A chemical treatment process is applied.

14. The method of claim 13, wherein the biofilm media comprises at least one of ridges, meshes, macro-porous inclusions, or micro-porous inclusions on the at least one media surface or within the biofilm media.

15. The method of claim 13, wherein the biofilm media has two or more media surfaces, each media surface having a different biofilm mass, biofilm volume, biofilm density, biofilm thickness, or solids residence time.

16. The method of claim 13, wherein the biological processor comprises a bioreactor or a biofiltration system.

17. The method of claim 13, wherein the separating the solid mixture from the treated solution comprises: a membrane, filter, clarifier or hydrocyclone is applied to the solution.
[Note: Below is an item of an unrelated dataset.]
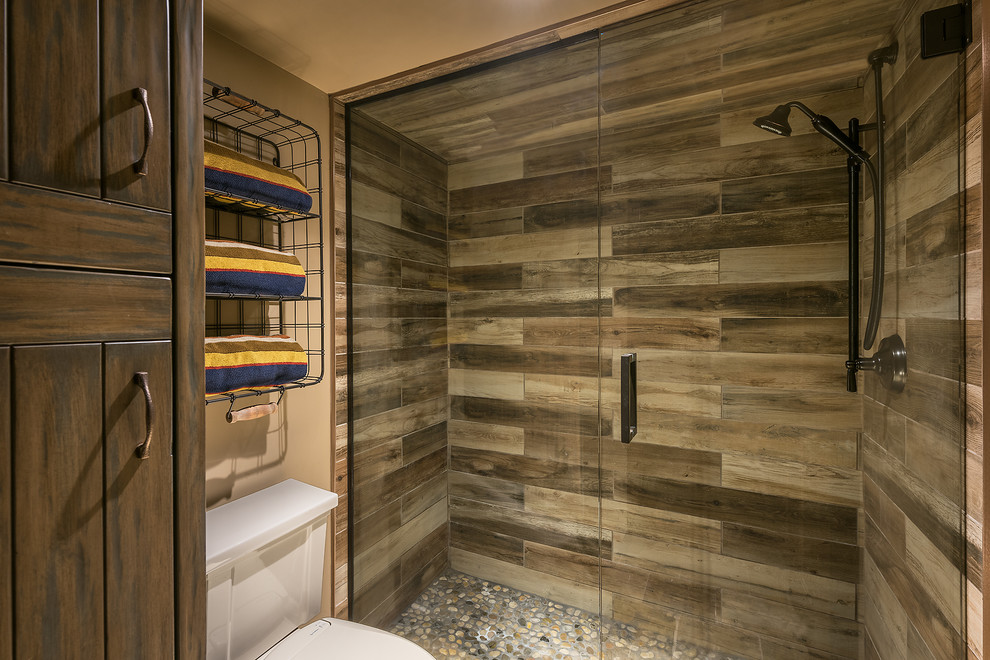 Exemple d'une petite salle de bain principale montagne en bois vieilli avec une douche à l'italienne, WC séparés, des carreaux de porcelaine, un sol en galet, un lavabo encastré, un plan de toilette en granite et une cabine de douche à porte battante.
18. The method of claim 13, wherein the chemical treatment process comprises adding a chemical or biological agent to a recycle stream,

wherein the biofilm mass, biofilm volume, biofilm density, biofilm thickness, or solids residence time is controlled by the chemical or biological agent.
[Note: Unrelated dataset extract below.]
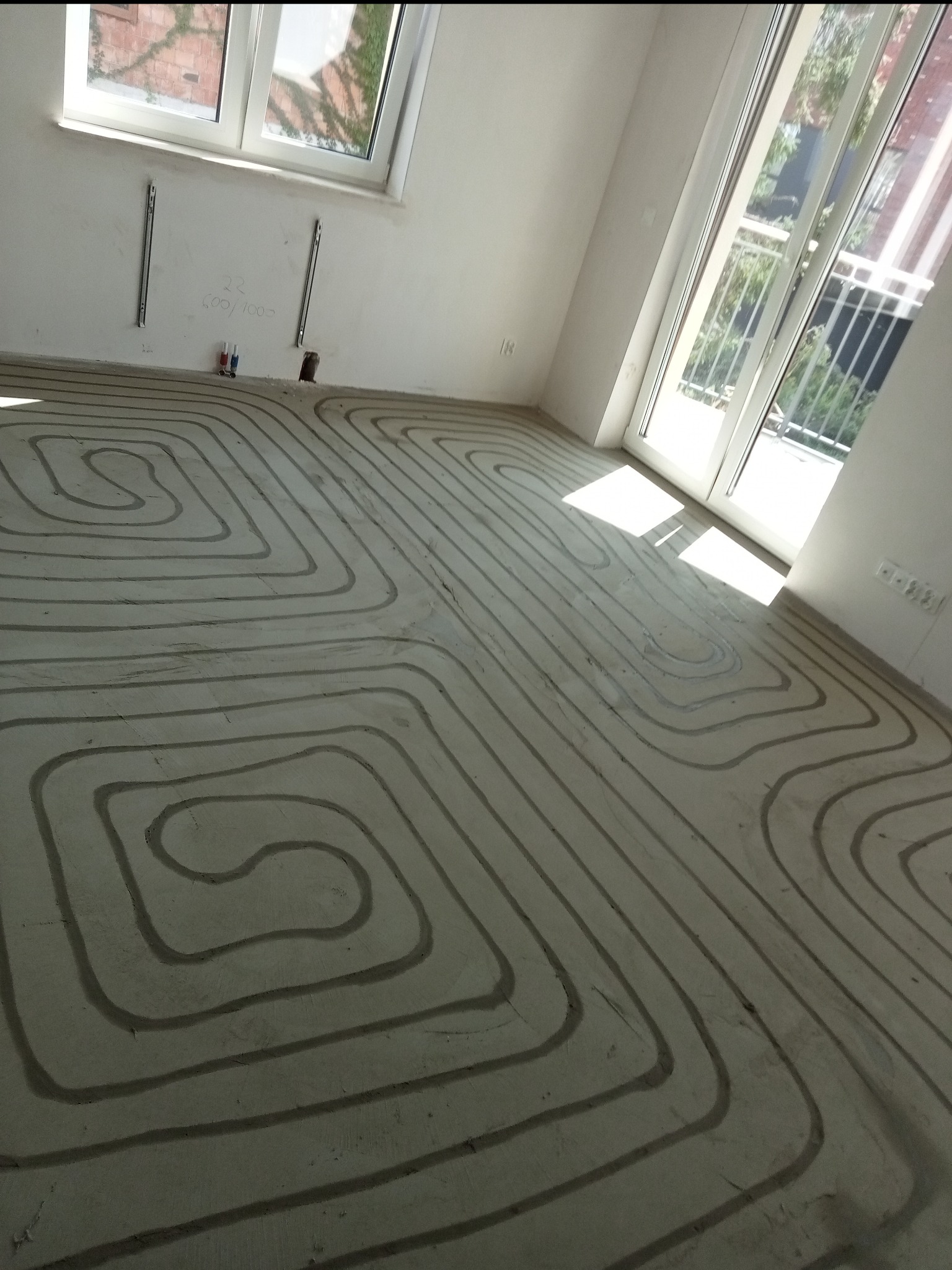 Wnętrze w Bojanowie z widocznym systemem ogrzewania podłogowego w trakcie instalacji, rurki ułożone w pętle na wylewce, przygotowane do zalania betonem.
19. The method of claim 13, wherein the biological treatment process comprises adding nutrients or cofactors to a recycle stream,

wherein the cofactor comprises an organic coenzyme or an inorganic metal, and

20. The method of claim 13, wherein the physical process comprises:

applying shear forces to the biofilm media by a solid-liquid separator to control the biofilm mass, biofilm volume, biofilm density, biofilm thickness, or solids residence time;

scouring the biofilm media with a gas to control the biofilm mass, biofilm volume, biofilm density, biofilm thickness or solids residence time; or

Backwashing the biofilm media to control the biofilm mass, biofilm volume, biofilm density, biofilm thickness, or solids residence time.